A Satanist organization held its much-talked-about public event at the Civic Center Music Hall on Thursday as a crowd of Christians from various faith communities prayed outside the building.
About 45 people attended the Church of the IV Crown Princes' "satanic exorcism."
Oklahoma City police Lt. Stuart May said he estimated that 75 to 80 people gathered outside the building.
The crowd outside came from diverse faith communities, including Roman Catholic, Baptist and full gospel. Several Christians said they came from other states such as Kansas, Texas and Arkansas to pray for the souls of those attending the Satanists' event and for Oklahoma City as a whole. One man played the bagpipes. Some held signs: "Honk if you love Jesus!" and "St. Michael the Archangel, defend us in battle."

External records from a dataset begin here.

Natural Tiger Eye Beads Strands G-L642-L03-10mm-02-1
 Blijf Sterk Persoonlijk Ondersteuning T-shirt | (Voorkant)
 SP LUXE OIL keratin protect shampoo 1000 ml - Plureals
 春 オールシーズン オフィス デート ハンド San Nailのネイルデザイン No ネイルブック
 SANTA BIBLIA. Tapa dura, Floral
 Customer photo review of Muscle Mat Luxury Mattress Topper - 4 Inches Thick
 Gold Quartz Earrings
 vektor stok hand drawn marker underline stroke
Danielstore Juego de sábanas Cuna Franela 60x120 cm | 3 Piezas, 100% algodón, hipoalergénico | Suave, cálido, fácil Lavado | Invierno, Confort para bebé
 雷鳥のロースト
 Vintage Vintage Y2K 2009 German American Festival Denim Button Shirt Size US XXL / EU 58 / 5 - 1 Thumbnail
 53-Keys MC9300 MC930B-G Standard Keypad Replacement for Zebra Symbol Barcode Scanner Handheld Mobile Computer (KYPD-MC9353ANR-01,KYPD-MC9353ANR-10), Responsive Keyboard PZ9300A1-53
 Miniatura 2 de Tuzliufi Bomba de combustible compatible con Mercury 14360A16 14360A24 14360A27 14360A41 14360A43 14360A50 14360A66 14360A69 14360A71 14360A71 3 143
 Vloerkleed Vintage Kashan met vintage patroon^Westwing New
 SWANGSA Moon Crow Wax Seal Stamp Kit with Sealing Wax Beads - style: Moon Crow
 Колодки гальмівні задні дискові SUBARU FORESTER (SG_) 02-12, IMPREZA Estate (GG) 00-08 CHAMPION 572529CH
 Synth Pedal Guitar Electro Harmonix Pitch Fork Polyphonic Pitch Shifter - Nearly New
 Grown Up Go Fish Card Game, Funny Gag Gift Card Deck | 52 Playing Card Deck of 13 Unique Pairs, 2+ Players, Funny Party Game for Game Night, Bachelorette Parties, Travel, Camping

James Hale, one of the leaders of the Church of the IV Crown Princes, said the group sold about 70 tickets to the event. The tickets were sold for $15 apiece. Hale said he was pleased with the turnout, but he thought other ticket-holders didn't show up because of the crowd outside the building.
"I think some got deterred by the protesters," he said.
Civic Center officials allowed ticket holders to enter the building's north entrance about 7 p.m. Thursday. Police kept anyone without a ticket to the event on the east side of the building.
A heavy-metal band performed for about 45 minutes in the Civic Center's CitySpace area where the event was held. When the band finished, Hale and a handful of other people went to the center of the stage area and surrounded a large table. Hale told the audience that they would witness a ritual "blasphemy" taken from the Roman Catholic rite of exorcism.
He told the crowd that their parents probably gave them information about religion when they were younger, "but it's good to get rid of that old garbage that they pumped into you."
Hale told the audience that they were about to be part of a participatory ritual and warned Christians who may have been attending for educational purposes that they would need to be careful during a certain segment invoking Satan because it was unforgivable to do so according to Christian beliefs.
The lights were lowered, and a spotlight shone on the table.
The scent of incense filled the room and a soundtrack featuring cymbals and heavy-metal music played softly as people in the audience looked on intently.
A woman laid on the table, and Hale and six other Church of the IV Crown Princes members, some garbed in black robes, gathered around her and invoked the name of Satan and demons to exorcise Christianity and religion out of her.
"Depart forth in fear from this soul who seeks enlightenment from Hell's power," Hale said.
As one member of the group chanted "Come out Yahweh! Come out Jesus Christ! ... Come out, oh foul holy spook!," other members said "Satan compels you!"
At the end of the ritual, a gong on the table was sounded, and the woman lying on the table sat up, smiled and shouted "Hail Satan!"
An audience member asked during a brief question-and-answer session if the woman was a convert to Satanism.
Hale said that she was not and that the ritual was simply blasphemy.
Richard Ford, 26, of Oklahoma City, described himself as a Satanist. He said he came to the Church of the IV Crown Princes' event to show support for the group.
"I wanted to see what was going on because there's so much cliche here," Ford said. "In Oklahoma, there's a church and a liquor store on every corner. You don't ever hear about other religions."
Another audience member who wouldn't give his full name said he is an atheist. He said he came to the event out of curiosity.
"I find this interesting," he said. "It's a lark."
Controversy arose in September when the public learned that the Satanist group had leased the Civic Center for the event.
At least two church groups obtained permits to hold prayer activities outside the building as the Satanist group gathered.
Velma Brandt, 58, of Edmond, said she was a local member of the national laypeople's group America Needs Fatima. She and other members of the group, from places like Topeka, Kan., and Fort Worth, Texas, prayed the rosary at the time of the Satanists' presentation.
"This is a Christian nation founded on Christian principles," Brandt said.
"I think this (Satanist gathering) is sad."
The Rev. Steve Kern, senior pastor of Olivet Baptist Church, said he was happy with the number of people who came out to pray during the Satanists' gathering. He said about 20 people were part of his group.
Francis Slobodnik, a member of America Needs Fatima from Topeka, Kan., said he traveled to Oklahoma City to lift the city up in prayer.
"I'm a Roman Catholic, and my religious faith is most important to me. Lucifer is the exact opposite of God. God is good. Lucifer is evil," Slobodnik said. "We were horrified about this, and we thought we needed to do something, to take a stand for God and for His right."